The explanation Ben, Glenn, and I offered was that the Book of Mormon was prompting the Spalding witnesses’ memories, and since the popular misconception of the Book of Mormon was that it was about the ten lost tribes, the witnesses’ memories of Spalding’s MS conformed to that belief. As I said, either the witnesses’ memories about Spalding’s MS were accurate and therefore it wasn’t like the Book of Mormon, or their memories were mistaken and their testimonies are unreliable. Note we are dealing with firsthand statements of twenty-year-old memories. Standard historical methodology recommends skepticism in such situations.
Marg, you didn’t want to accept this evidence, so you launched into a serious of ad hoc defenses, which I outlined above. It was your unrestrained speculation and imagination that prompted my discussion of ad hoc fallacy. I had to do this because you could see no problem with your logic and method of argumentation. You were deluding yourself that you were actually a good defender of the Spalding theory, because no one could shut you down and you could deal with anything anyone threw at you. In reality, you were immunizing your cherished theory against adverse evidence by traveling a well-worn path of the pseudo-scientists and pseudo-historians.

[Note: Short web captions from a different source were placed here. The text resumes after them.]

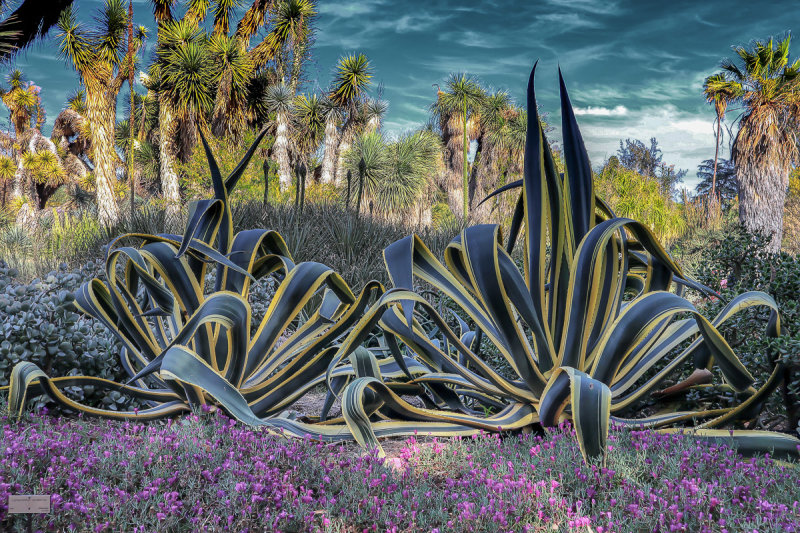  Desert Garden 1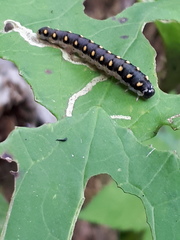 Tenthredo mandibularis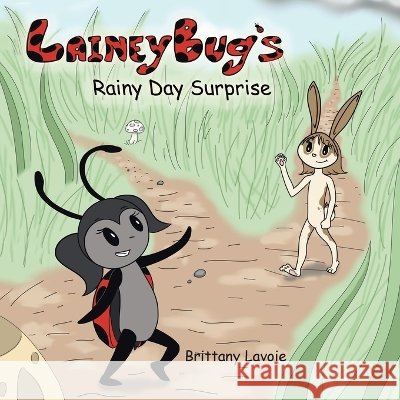 Lainey Bug's Rainy Day Surprise Brittany Lavoie 9781489753953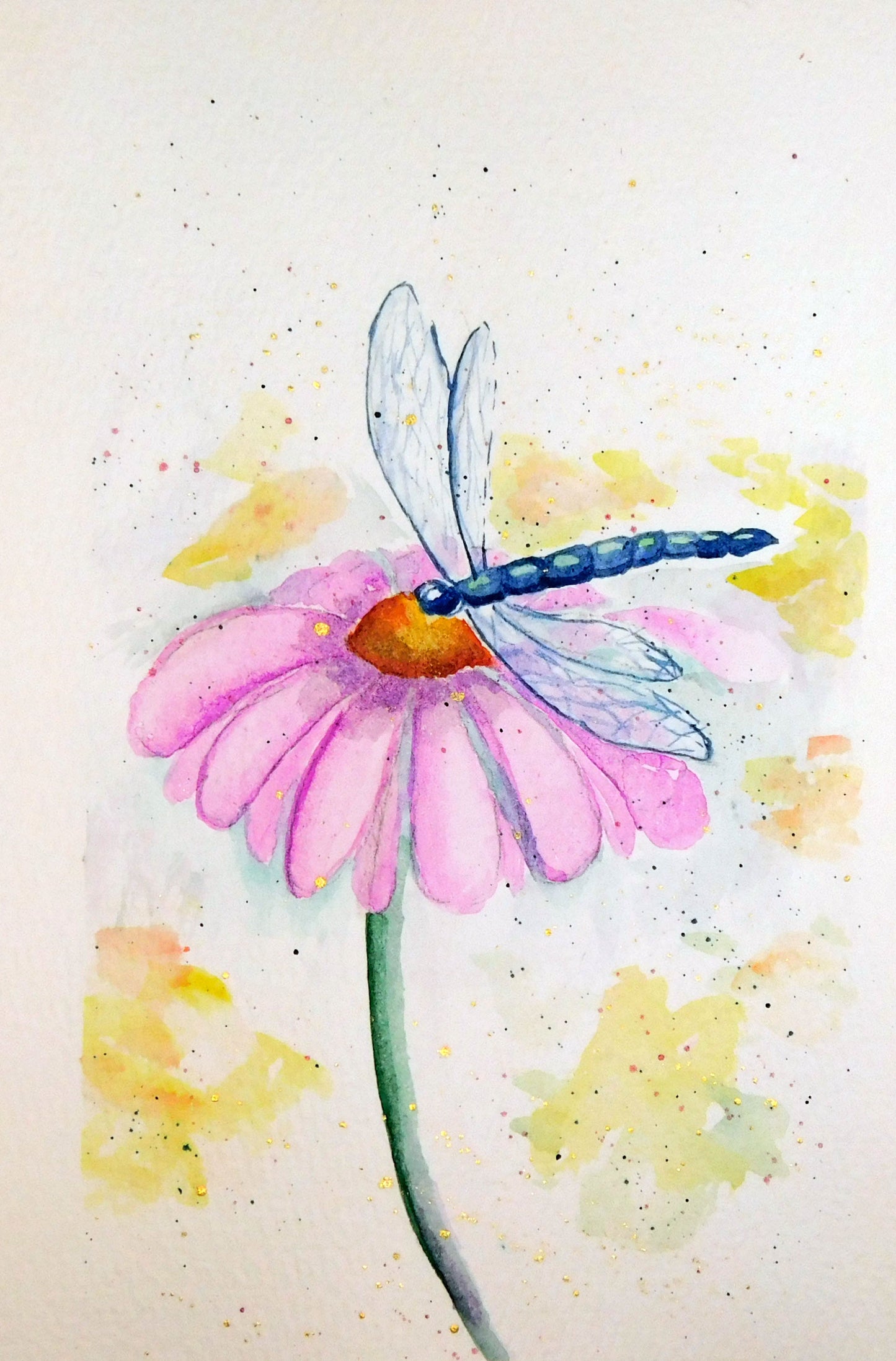 Dragonfly's Rest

Dan (I believe correct me if I'm wrong Mikwut) says lost tribes story does not entail tribes leaving jerusalem ..per myth it has them leave from North Israel ..head north, travel enmasse to far corners of the world. S/R witnesses likely confused, thought Book of Mormon was a lost tribes story, they would have understood lost tribes story popularized by Ethan Smith in 1823 and onward into 1830’s. Therefore the S/R witnesses are confused at best, lying at worst in order to have their recall jive with their misunderstanding of what the Book of Mormon was about.
You have this backwards. This is in response to your unfounded ad hoc speculation (below). You tried to defend the Spalding witnesses’ mention of “lost tribes” by inventing an anomalous theory of your own, which was nothing more than an imaginative harmonization of the ten tribes theory with the Book of Mormon. To which Glenn and I tried to remind you what the theory entailed. The prevailing explanation that linked the American Indian with the ten lost tribes was informed by the apocryphal book Esdras, which explained that the tribes escaped their Assyrian captivity and traveled northeast a year and a half to a land called Arsareth (“another land”). Not everyone explicitly mentioned Esdras, but it was the basis for such discussion. But the key part is that one tribe didn’t fulfill anyone’s version that we know of. Thus the argument went as follows:
Marg: Spalding witnesses’ memories can be relied on.
Ben/Glenn: Their claim that Spalding linked the Indian with the “lost tribes”, and by inference the Book of Mormon as well, is evidence that their memories are unreliable and may have been tainted by hearing the Book of Mormon was about the ten tribes.
Marg: The Book of Mormon is about the “lost tribes”, and Spalding could have written a different kind of lost tribes story that conforms to the Book of Mormon (ad hocs #1 and #2).
Glenn/Dan: The Book of Mormon isn’t about the lost tribes, and if Spalding wrote such a story it too wouldn’t be about the lost tribes in America—at least not recognizable enough to deserve the label “lost tribes” by the witnesses.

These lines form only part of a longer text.